Pour les rapporteurs, il est indispensable d'appliquer l'article 90 de la LOM, qui répond aux attentes légitimes des riverains, qui considèrent que les indicateurs actuellement utilisés ne reflètent qu'imparfaitement l'impact du bruit émis par les circulations ferroviaires. Compte tenu des obstacles techniques rencontrés lors des expérimentations menées, lancer au plus vite la phase 2 de l'expérimentation est nécessaire. Six ans après la promulgation de la LOM, la DGPR devrait fixer un calendrier ambitieux, pour mener les études scientifiques attendues le plus rapidement possible. Lancer sans plus tarder concomitamment des études épidémiologiques afin de déterminer les indicateurs les plus pertinents vis-à-vis des effets du bruit sur la santé est également essentiel.

Proposition n° 5 : Appliquer pleinement la loi d'orientation des mobilités (LOM) avec la fixation d'un calendrier précis pour les prochaines phases d'expérimentation d'indicateurs événementiels et la réalisation d'études de santé publique.

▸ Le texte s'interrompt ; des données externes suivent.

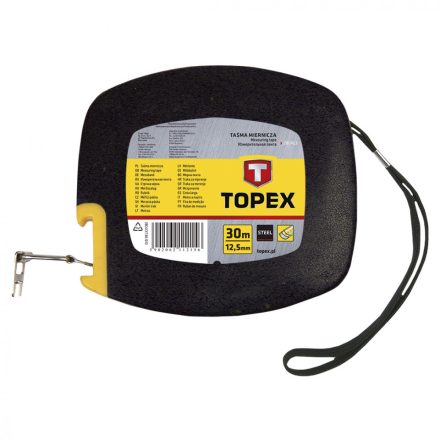 Topex mérőszalag, 30m x12,5mm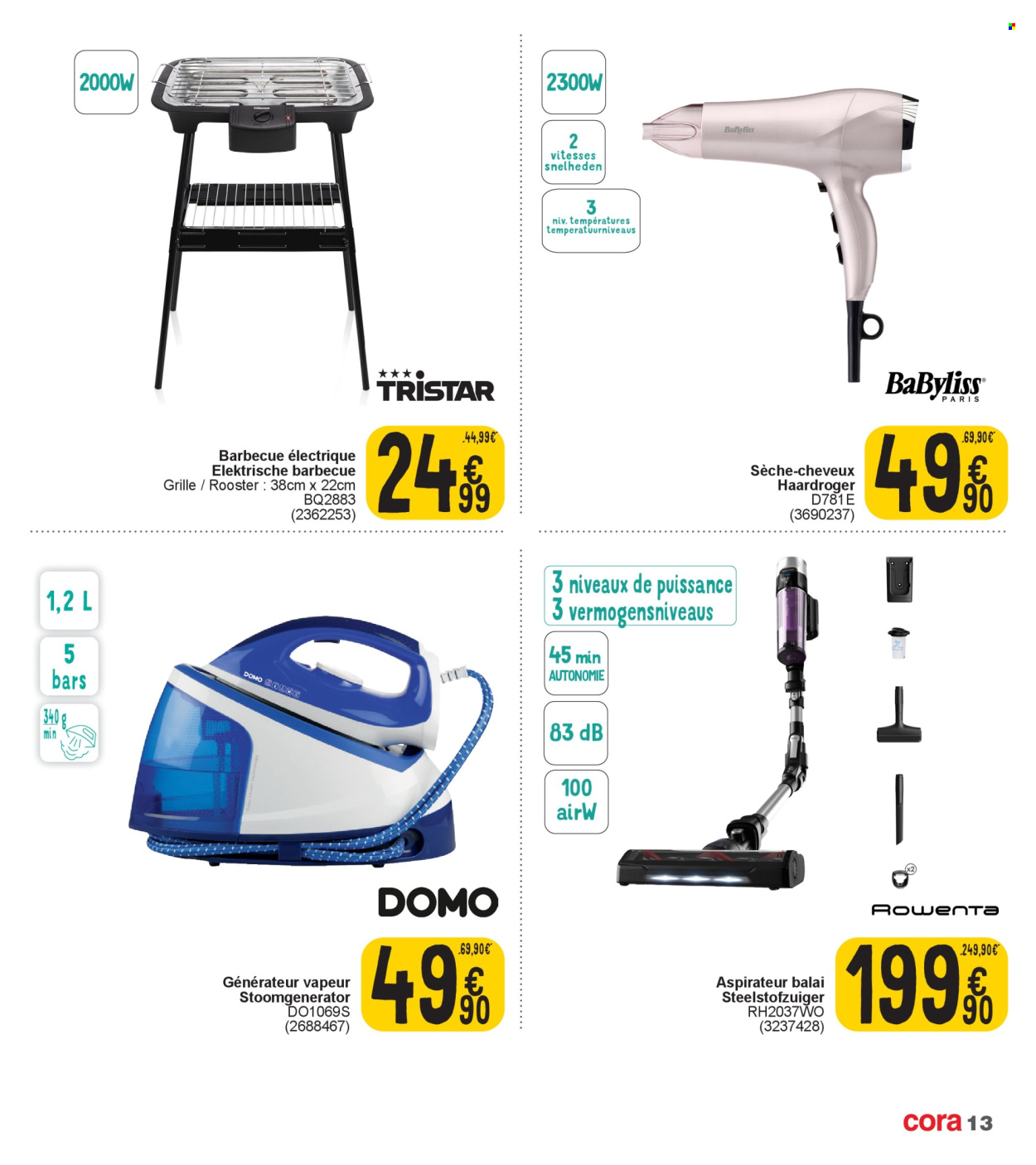 Catalogue Cora - 13/05/2025 - 19/05/2025. Page 1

L'Acnusa a par ailleurs indiqué aux rapporteurs avoir engagé en 2023 un partenariat avec le Conseil national du bruit pour définir un ou plusieurs indicateurs réglementaires événementiels, qui compléteraient les indicateurs existants applicables au transport aérien. Le Cerema a ainsi lancé la même année pour le compte de cette Autorité une étude technique sur ce sujet. L'Acnusa a précisé que « la commission mixte CNB/ACNUSA sera en mesure d'apporter en 2025, un avis conclusif relatif à la définition d'indicateur(s) événementiel(s) ». La DGAC a également déclaré aux rapporteurs que « ces nouveaux outils pourraient ainsi utilement compléter le panel des indicateurs réglementaires et permettre une prise en compte plus précise de ces facteurs lorsque cela s'avère justifié. Le cas échéant, cela devra se traduire par l'intégration dans le corpus réglementaire de cet indicateur ». Pour les rapporteurs, cette initiative bienvenue de l'Acnusa est de nature à répondre aux interrogations des riverains sur la pertinence des indicateurs actuellement utilisés.

2. Les sons de basses fréquences, les vibrations et le bruit solidien : un angle mort réglementaire

Le transport ferroviaire est également source d'émissions sonores spécifiques, liées aux émissions de sons de basse fréquence et de vibrations.

Les basses fréquences sonores sont moins bien perçues par l'oreille humaine, mais peuvent être sources d'une gêne spécifique, insuffisamment prise en compte par les indicateurs actuels. Selon SNCF Réseau, « Le bruit des TGV se caractérise par un contenu spectral riche en basses fréquences. Les indicateurs acoustiques employés dans la réglementation actuelle ne permettent pas une bonne représentation de ces caractéristiques. L'influence de ces paramètres sur la gêne sonore reste à étudier. » Le Cerema a jugé opportun d'approfondir les études sur ce sujet, avec pour objectif de créer un nouvel indicateur qui prenne en compte les basses fréquences sonores.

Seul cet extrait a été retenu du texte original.